Türkiye’de yapay zeka teknikleri, mühendisliği, sağlık ve teknik alanlarda uygulanması konusunda önemli başarılar sözkonusudur. Aselsan, Havelsan gibi kuruluşlarımızı özellikle belirtelim. Zaten sanayi devriminin her aşamasında önemli buluşların hareket noktası savaştaki ihtiyaçlar oluşturmuştur.
Öte yandan nice başarılara imza atmış, ödüllendirilmesi gereken akademisyen veya kuruluşlar ise sanki yok sayılmakta, bir türlü gündemde yer bulamamaktadırlar. Bunların ürünlerinin önemli bir kısmı ancak dış ülkelere pazarlanabilmektedir.

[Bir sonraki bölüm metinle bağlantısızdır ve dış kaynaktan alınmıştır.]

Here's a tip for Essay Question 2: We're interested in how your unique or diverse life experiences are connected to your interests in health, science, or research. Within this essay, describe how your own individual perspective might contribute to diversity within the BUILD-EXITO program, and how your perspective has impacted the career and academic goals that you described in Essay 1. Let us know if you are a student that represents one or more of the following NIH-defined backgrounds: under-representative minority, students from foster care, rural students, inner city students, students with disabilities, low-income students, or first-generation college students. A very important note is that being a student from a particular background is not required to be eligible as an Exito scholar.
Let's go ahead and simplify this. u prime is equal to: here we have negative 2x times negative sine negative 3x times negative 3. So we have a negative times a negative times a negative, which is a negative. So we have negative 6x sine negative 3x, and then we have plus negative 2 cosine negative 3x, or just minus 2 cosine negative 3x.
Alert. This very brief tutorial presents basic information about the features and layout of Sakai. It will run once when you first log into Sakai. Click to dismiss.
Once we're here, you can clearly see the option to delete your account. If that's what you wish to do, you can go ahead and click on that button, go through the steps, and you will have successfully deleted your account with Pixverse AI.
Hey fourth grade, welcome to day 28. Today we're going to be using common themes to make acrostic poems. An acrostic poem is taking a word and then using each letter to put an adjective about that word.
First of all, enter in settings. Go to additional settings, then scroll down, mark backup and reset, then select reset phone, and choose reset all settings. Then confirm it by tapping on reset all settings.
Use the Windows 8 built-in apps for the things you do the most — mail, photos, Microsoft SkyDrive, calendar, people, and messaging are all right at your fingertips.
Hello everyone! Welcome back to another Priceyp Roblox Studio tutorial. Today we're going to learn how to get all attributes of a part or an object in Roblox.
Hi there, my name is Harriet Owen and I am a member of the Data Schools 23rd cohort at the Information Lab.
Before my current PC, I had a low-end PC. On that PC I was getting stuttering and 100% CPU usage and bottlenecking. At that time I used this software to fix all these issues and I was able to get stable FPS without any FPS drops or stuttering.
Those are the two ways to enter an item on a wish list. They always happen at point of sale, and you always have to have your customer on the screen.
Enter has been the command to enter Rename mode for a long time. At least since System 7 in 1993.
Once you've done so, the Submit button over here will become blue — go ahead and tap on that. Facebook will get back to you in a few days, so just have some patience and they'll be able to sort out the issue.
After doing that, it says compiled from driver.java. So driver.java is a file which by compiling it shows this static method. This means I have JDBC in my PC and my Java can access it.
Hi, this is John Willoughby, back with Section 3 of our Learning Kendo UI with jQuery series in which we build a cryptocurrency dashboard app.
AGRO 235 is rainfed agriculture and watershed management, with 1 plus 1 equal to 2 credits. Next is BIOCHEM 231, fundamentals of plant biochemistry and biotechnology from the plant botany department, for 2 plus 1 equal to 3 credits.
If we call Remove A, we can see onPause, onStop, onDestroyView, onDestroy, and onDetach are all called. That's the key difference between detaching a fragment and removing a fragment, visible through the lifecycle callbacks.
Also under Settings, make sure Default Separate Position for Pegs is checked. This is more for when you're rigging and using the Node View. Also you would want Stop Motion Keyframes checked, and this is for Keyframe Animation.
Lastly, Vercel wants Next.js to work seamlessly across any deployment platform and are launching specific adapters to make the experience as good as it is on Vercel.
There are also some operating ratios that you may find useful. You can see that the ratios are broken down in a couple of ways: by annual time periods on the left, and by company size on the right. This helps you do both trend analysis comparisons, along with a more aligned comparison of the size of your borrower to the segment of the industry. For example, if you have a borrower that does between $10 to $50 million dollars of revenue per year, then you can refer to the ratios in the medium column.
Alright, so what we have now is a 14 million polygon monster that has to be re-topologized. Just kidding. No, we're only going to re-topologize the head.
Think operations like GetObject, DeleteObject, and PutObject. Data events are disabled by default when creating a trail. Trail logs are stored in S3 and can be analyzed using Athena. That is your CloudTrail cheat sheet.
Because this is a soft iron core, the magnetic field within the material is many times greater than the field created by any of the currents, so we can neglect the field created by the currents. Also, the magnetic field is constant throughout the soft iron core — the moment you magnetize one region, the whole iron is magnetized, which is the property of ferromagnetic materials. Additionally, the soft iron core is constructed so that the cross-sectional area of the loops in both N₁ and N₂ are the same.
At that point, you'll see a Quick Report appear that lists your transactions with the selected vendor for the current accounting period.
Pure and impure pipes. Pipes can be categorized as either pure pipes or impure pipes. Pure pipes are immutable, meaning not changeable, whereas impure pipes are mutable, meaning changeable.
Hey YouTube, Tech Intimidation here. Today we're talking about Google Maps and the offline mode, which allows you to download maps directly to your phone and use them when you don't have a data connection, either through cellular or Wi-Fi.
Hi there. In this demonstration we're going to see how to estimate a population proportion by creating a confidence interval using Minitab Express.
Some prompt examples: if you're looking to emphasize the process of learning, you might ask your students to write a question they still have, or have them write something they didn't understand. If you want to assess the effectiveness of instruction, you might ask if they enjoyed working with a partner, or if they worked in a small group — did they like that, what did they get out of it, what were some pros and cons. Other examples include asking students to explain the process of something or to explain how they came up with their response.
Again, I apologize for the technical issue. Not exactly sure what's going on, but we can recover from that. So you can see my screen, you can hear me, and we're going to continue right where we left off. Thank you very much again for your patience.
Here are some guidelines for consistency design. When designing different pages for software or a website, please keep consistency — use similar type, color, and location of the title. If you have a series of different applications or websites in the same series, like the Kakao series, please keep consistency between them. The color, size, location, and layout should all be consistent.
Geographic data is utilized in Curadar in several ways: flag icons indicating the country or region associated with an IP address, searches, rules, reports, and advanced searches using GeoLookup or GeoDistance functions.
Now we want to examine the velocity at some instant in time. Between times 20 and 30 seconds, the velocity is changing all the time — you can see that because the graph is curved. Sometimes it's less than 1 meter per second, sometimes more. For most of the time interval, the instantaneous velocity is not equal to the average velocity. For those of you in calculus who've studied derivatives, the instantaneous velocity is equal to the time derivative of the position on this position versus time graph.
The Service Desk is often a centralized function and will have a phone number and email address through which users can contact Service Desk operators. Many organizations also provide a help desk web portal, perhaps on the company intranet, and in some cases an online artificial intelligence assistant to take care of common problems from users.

Nükleer fizik, Soğuk Savaş dönemi politikalarının temelini oluştururken günümüzde bunun yerini, bir sonraki aşama olarak yapay zeka teknolojileri almıştır. Esasen bu teknolojilerle nükleer kazanımlar çok daha etkin hale gelmiştir. Batı veya yükselen güçler akademiyası, teknolojik gelişmeler yanında yapay zekanın siyasal anlamı konusunda kafa yormakta, öncelikle durum tespiti yaparak geleceği tahmin etmekte, senaryolar ve planlar hazırlamaktadır. Bu bağlamda “siyasal”ın desteğini alamayan teknolojinin ancak başkalarına hizmet ettiği gerçeği görülmektedir. 12 Nisan 2019’da Şanghay’da düzenlenen “Yapay Zeka ve Uluslararası İlişkiler” konferansının panel ve tebliğ başlıkları fikir verebilir:
Yapay Zeka, Toplum ve Politikalar: Yapay Zeka Felsefesi; Yapay Zekanın Feminizasyonu ve Aletleri; Politik Ekonomi ve Robotlar; Yapay Zeka ve Geleceğin Güç Dengesi.Yapay Zeka ve Teori: Yapay Zeka ve Ellul’un Teknik Teorisi Eleştirisi; Centaur’ların (Sentorların?) Yükselişi; İstihbaratın Artırılması ve Nesnelerin İnterneti; Yapay Zeka ve Uluslararası Güvenlik; Yapay Zeka Üzerine İslam ve Konfüçyüs Perspektifi.Yapay Zeka ve Çin: Değişen Yönüyle Çin ve Otomasyon; Yapay Zeka, Sosyalizm ve Çin; Çin ve Hindistan’ın Yeni Bir Sosyal Düzen Kurma Fırsatı Olarak Yapay Zeka. Yapay Zeka ve Toplum: Yapay Zeka ve Kamu Eğitimi; Yapay Zeka Geleceğinde İnsan Olmanın Anlamı; Ulusal Yapay Zeka Stratejik Politikaları ve Önceliklerinin Karşılaştırılması; Yapay Zeka, Dış Politika ve Veri İşlemenin Zorlukları; Yapay Zeka ve İslam.Kaşılaştıralı Siyaset ve Yapay Zeka: Sürdürülebilir Kalkınmanın İtici Güçleri Açısından Afrika’da Yapay Zeka ve Uluslararası Politika; Yapay Zeka ve Nükleer Silahlar; Latin Amerika’da Yabancı Yapay Zeka ile Uluslararası Şirketler İlişkilerinin Yeni Gelişme Kalıpları; Yapay Zeka ve Avrupa Politikaları Çerçevesinde Yasal ve Kurumsal Sorunlar.Yapay Zeka ve Şehir: Kamu Güvenliği Açısından Yapay Zeka Etiği Üzerine Sosyolojik Bir Yaklaşım; Bilgi ve İletişim Teknolojileri Işığında “Akıllı Şehir”, Şanghay ve Meksiko’da Mekansal Yönetişimin Yeniden Yapılandırılması; “İki Ateş Arasında”, Demokratikleşmiş Yapay Zeka Tehdidi; Yapay Zeka ile Yumuşak Gücün Yeniden Kazanımı.Bu başlıklara ülkemiz şartlarında çok daha farklı temalar eklenebilir. Üstün teknolojik silahlarla donatılmış terör örgütleriyle mücadele eden Türkiye’nin başta İHA veya SİHA’lar olmak üzere önemli başarıları sözkonusudur. Bununla beraber konunun sosyal ve siyasal bilimler ayağı topal kalmıştır. Sözkonusu eksikliği eleştirmek yerine çözüm bulma sorumluluğumuzun gereği olarak bu fotoğrafı sunuyorum. Ancak bunları sadece yazmak yetmez, kurumsallaşma, konuyla alakalı genç beyinlere fırsat sunma, imkan hazırlama, çağını doldurmuş engelleri aşma konusunda görev bilincimizi güçlendirmemiz gerekmektedir.